Human, All Too Human
We are changing constantly, with the sins of yesterday being the stigmata of today
This is what we struggle with, all of us, who have any relationship with the arts. Perhaps it begins with some kind of pretension: we want to be known as people who appreciate art, we want to be known as connoisseurs, aficionados. We walk in the footsteps of others, reading Coomaraswamy and Gombrich for art, or Leavis and Barthes for literature, and we go into museums or bookshops ready to adore T’ang pottery or Proust. Sometimes we are shocked into stillness, into a dazed appreciation of something much larger than our experience. Sometimes we are surprised: This? This is what the fuss is about?
Those of us who persevere, eventually seek to decolonize our minds. We want to be free to love what we love and to walk past what we do not respond to because we want to be ourselves; certainly we will never be as learned as B N Goswamy or Shanta Gokhale but we want to be ourselves so much, we want to dispense with their guidance which we sought so eagerly at the beginnings of our journey. Hence, we laugh when Akash yawns because we too have suppressed yawns at the art forms to which an older generation subjected us. Do you remember Subhadra (Supriya Pathak) squirming through a classical dance performance in Kalyug (Shyam Benegal, 1981) and then grooving at a disco? Same-same.
So Nobel Laureate Alice Munro, Canadian maestra of the short story, author of such luminous stories as ‘Dance of the Happy Shades’ and ‘Queenie’, was unwilling to intervene when her daughter told her that she was being sexually assaulted by her stepfather. There’s more. Ms Munro stayed with the man. Ms Munro put the possibility of the man’s suicide above the demands of natural justice, the duty every parent owes their child, the debt we all owe the vulnerable, the debt we refuse to pay again and again, every time we scroll past a crying child in Gaza.
My heart goes out to that child and to the woman she grew into. She has had to live with this terrible thing that happened to her and more with the refusal of her mother to do something about it. This must have been a betrayal as deeply felt as the acts committed upon her young body. I was about to write. “All right-thinking persons must…” when I stepped back from the brink of telling you what to do and think and feel. And this was what I told myself I would not do when I was asked to write this piece. I do not know what you should do. I do not want to make your ethical choices for you.
So here’s the central question. Can we value the art without sitting in judgement on the artist? I remember being spellbound by Nanette by Hannah Gadsby; it’s still on Netflix, catch it if you haven’t seen it yet.

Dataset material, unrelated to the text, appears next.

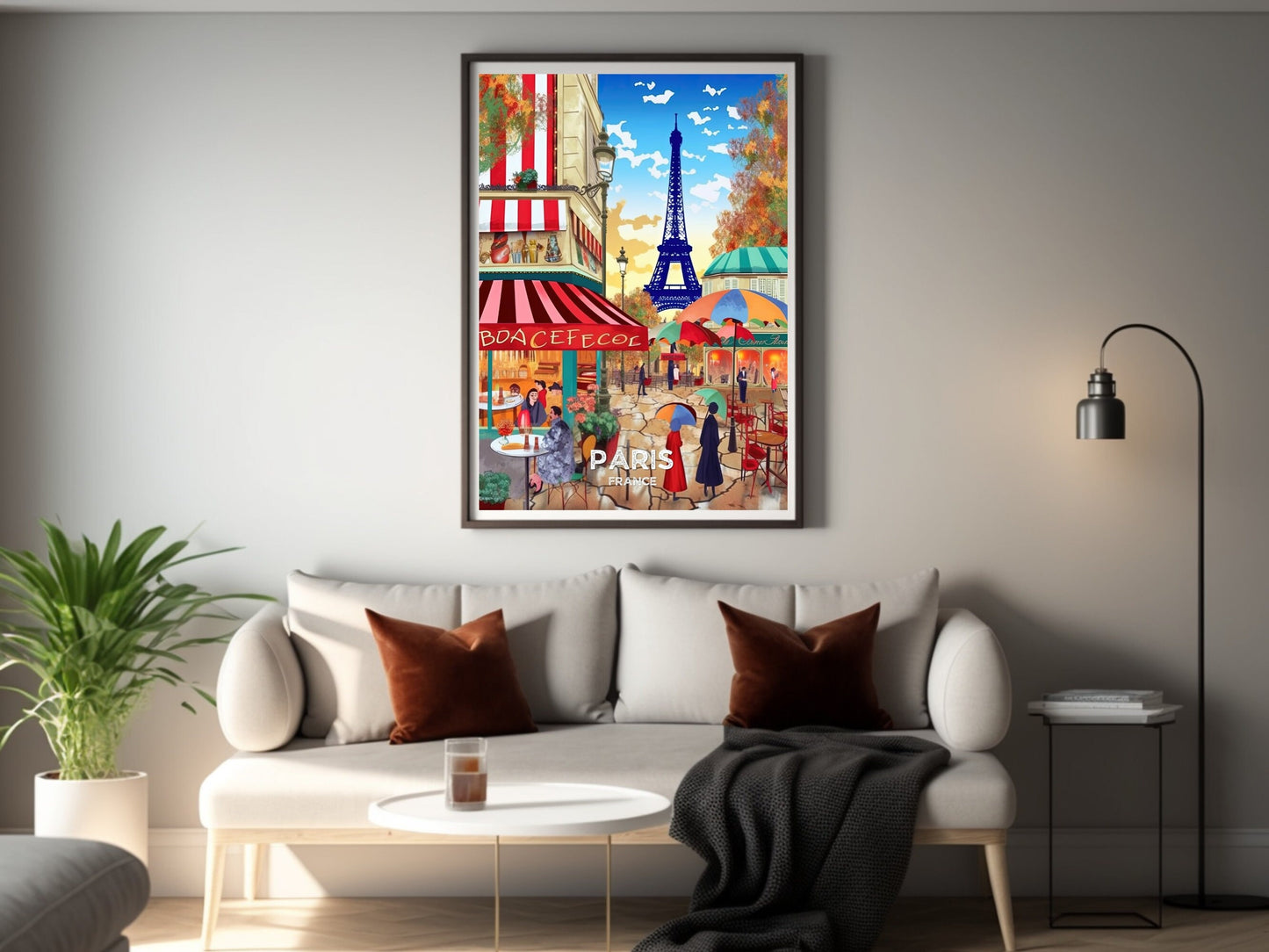 Paris Travel Print | Paris Illustration | Paris Wall Art | France Print | Paris Print| Paris France Print Painting | Paris Affiche | ID 031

It’s a wild piece taking in how she was molested as a child, attacked as a woman. It’s on my list of all-time great stand-up pieces but I mention it here because one of the great take-downs Gadsby does is of the male art canon. I laughed at the sarcasm she aimed at all those women who have one breast hanging out for inspection by the public. Another take-down was Picasso and his comment about Marie-Therese Walter being the perfect age—she was seventeen, he was in her forties and they entered into a relationship. Also noteworthy: the age of consent in France at the time was thirteen so if you’re thinking statutory rape, no, it was not. If you’re thinking: that is wrong, I even agree but I am not sure whether there is ageism involved in my response, whether I am denying Marie-Therese agency, whether it wasn’t just something that made the two of them happy for a while which is about as much as anyone can expect from a relationship.
I pick up books at independent bookshops or on the streets. I begin to read. If something speaks to me, i buy the book and read it. I do not ask for certificates of morality.
But here’s the thing: Picasso was not a saint. He was a serial womanizer. He made many women unhappy. But when I see a painting by him on a wall, I am struck by the energy of it, I find myself hurrying across the room, I find myself wanting to get intimate with the painting. I think of many images of women by Picasso and each time, I am struck by the intensity of the attention, the great desire to understand, the Beckettian admission of failure, and the desire to try again. It enriches my world. I don’t want to lose it.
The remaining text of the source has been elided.